O que denominamos aqui de “momento Napoleão”– e aqui aludimos a um filme, o imenso épico do cineasta francês Abel Gance, lançado em 1927 — uma clivagem singular na continuidade estilística e ideológica de uma dada formulação semiótica e narrativa. Nesse sentido, o que resgatamos com esse termo é justamente a ousadia em experimentar — como foi feito por Gance em seu filme — soluções do passado e do presente, o estabelecido e o ultrapassado, em busca de novos caminhos possíveis — não necessariamente acessíveis. A obra de Mattheis segue exatamente esse caminho, no formato único por ele escolhido para STGM — o cruzamento entre a obra gráfica e a narrativa sequencial, entre a iluminura medieval e a linguagem subjetiva do fluxo da consciência, entre a evocação do mistério ritualístico e a alucinação estilizada.

Esse estranho livro surgiu em meu caminho inadvertidamente. Em primeiro lugar, por recomendação de Forrest Aguirre, um dos mais brilhantes autores de ficção ocultista contemporâneos. Logo, descobri que, anteriormente Mattheis fizera ilustração da sobrecapa de The Varvaros Ascension, novela de tonalidade ocultista extraordinária, escrita pelo próprio Forrest Aguirre e publicada pela Mount Abraxas, de Bucareste (resenhada aqui).
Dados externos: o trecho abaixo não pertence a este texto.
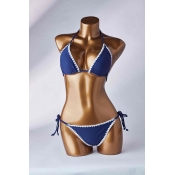 Lovely Lace-up Navy Blue Two-piece Swimsuit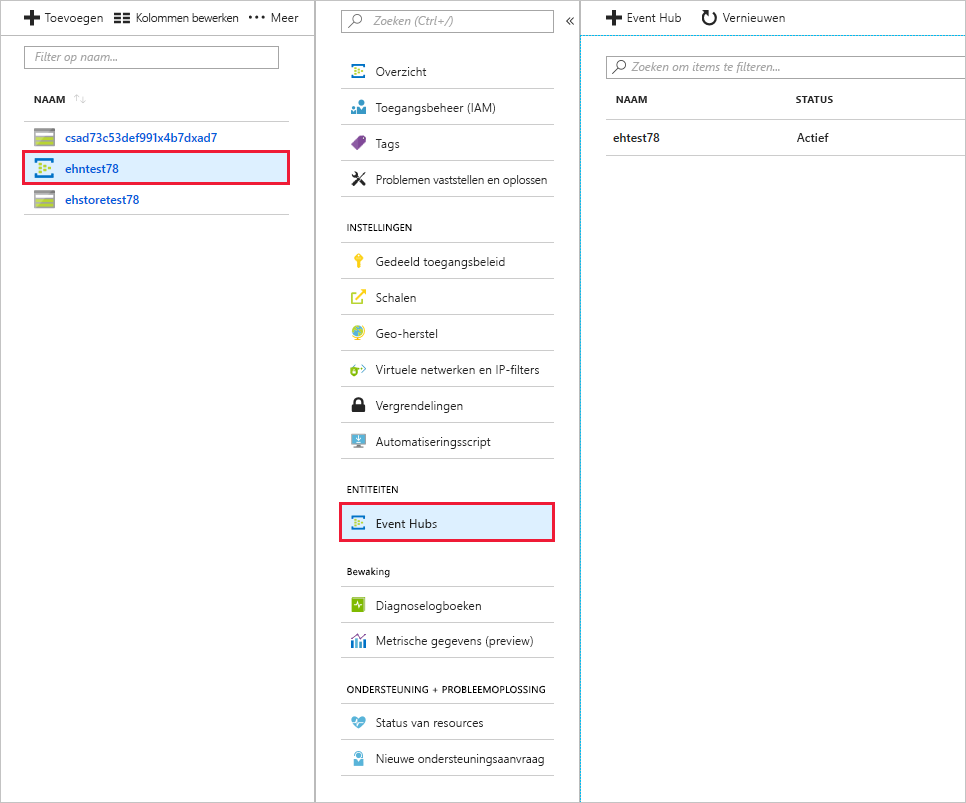 Event Hub weergegeven in Azure Portal.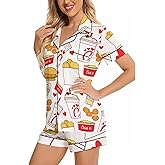 Gifteebox Chicken Nuggets Satin Pajamas Set for Women Y2k 2 Piece Short Sleeve Shirts Matching Pj Shorts Set Multi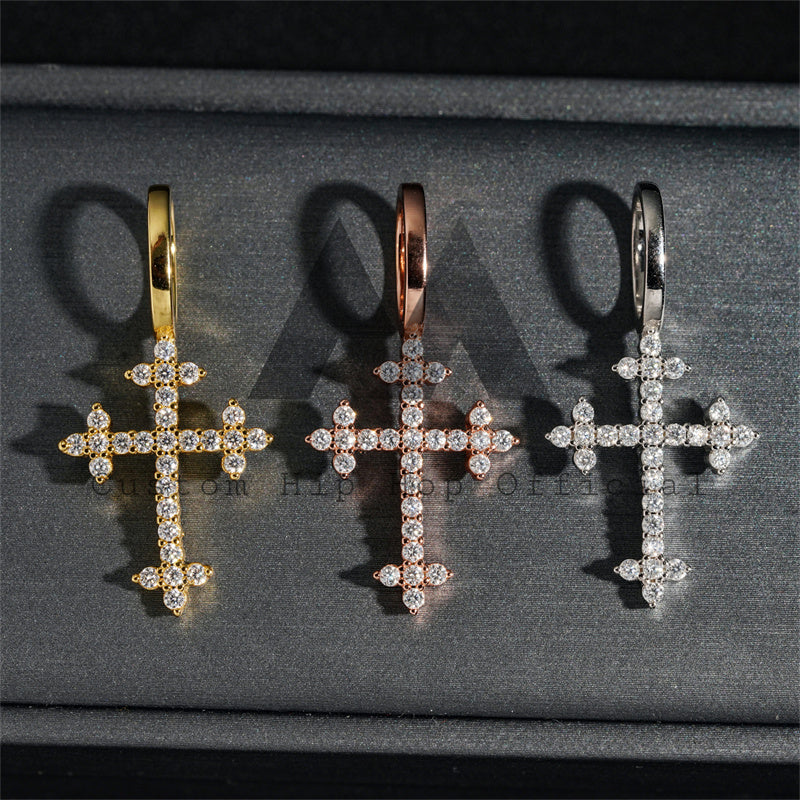 Твердый серебряный мини-размер подвески в виде креста из муассанита, подходящий для теннисной цепи диаметром 3 мм, сертифицированный GRA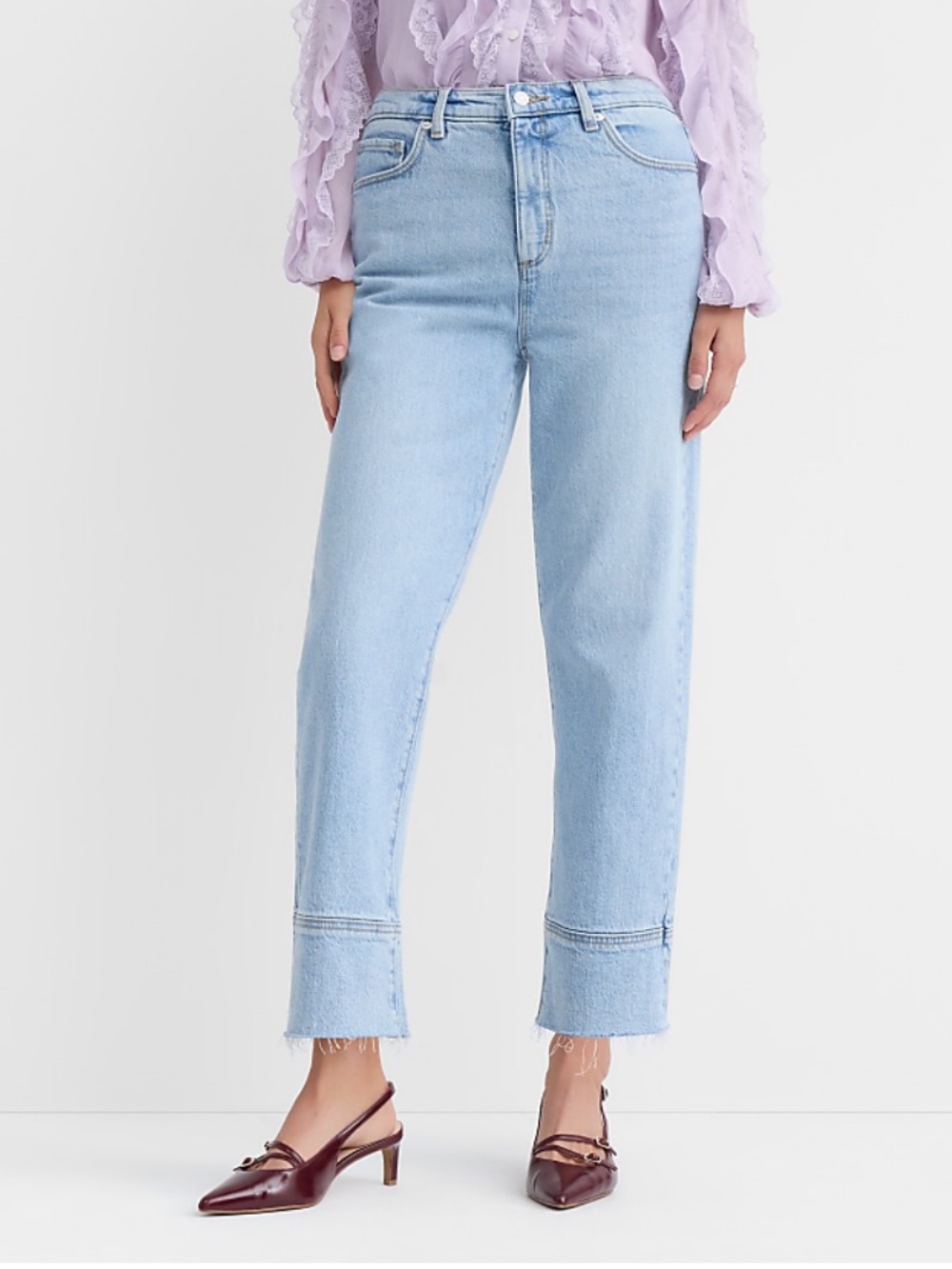 ❗️LOFT The Straight High Waisted Jeans in Light Wash Indigo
Pois bem, essa sobrecapa, com seus elementos míticos, era algo que chamava a atenção no livro. E essa percepção mítica é o foco central de STGM, ou como diz o subtítulo: “The Conclusion of the world and what rose after”. A narrativa é inteiramente imagética, em ilustrações que ocupam a página toda. Os textos explicativos, em cartuchos, conduzem o leitor pela floresta de símbolos que são as imagens de Mattheis — que, apesar disso, possuem um dinamismo ípar, com suas criaturas imponentes surgindo, retorcidas, pelos ares sobrecarregados de cada desenho. Nesse sentido, a estruturação da narrativa visual de Mattheis é impecável, inovadora, variada, criativa; o leitor acompanha o caos apocalíptica descrito tanto pelas imagens quanto pelo texto, enquanto tenta decifrar o fluxo de estranhos símbolos. A trama começa com uma descrição geral da catástrofe que acomete o planeta, mas logo mergulha em uma espécie de consciência narrativa vagamente individual, para cobrir as ocorrências menos gerais. Visionária, a estrutura narrativa de STGM parece desafiar as convenções usuais: nem histórias em quadrinhos, nem livro ilustrado, nem panfleto apocalíptico, talvez história do fim do mundo — mas um pouco de tudo isso.

O livro foi produzido pelo próprio autor, artesanalmente, e isso traz marcas inevitáveis no acabamento artesanal, embora a arte sofisticada de Mattheis transforme essa aura de simplicidade, aproximando o livro de um estranho artefato fora de tempo/lugar, um incunabulo produzido por impressão digital. Enfim, se essa foi a estréia de Mattheis na esfera dos livros ilustrados, só podemos esperar por portentos ainda mais ferozes no futuro.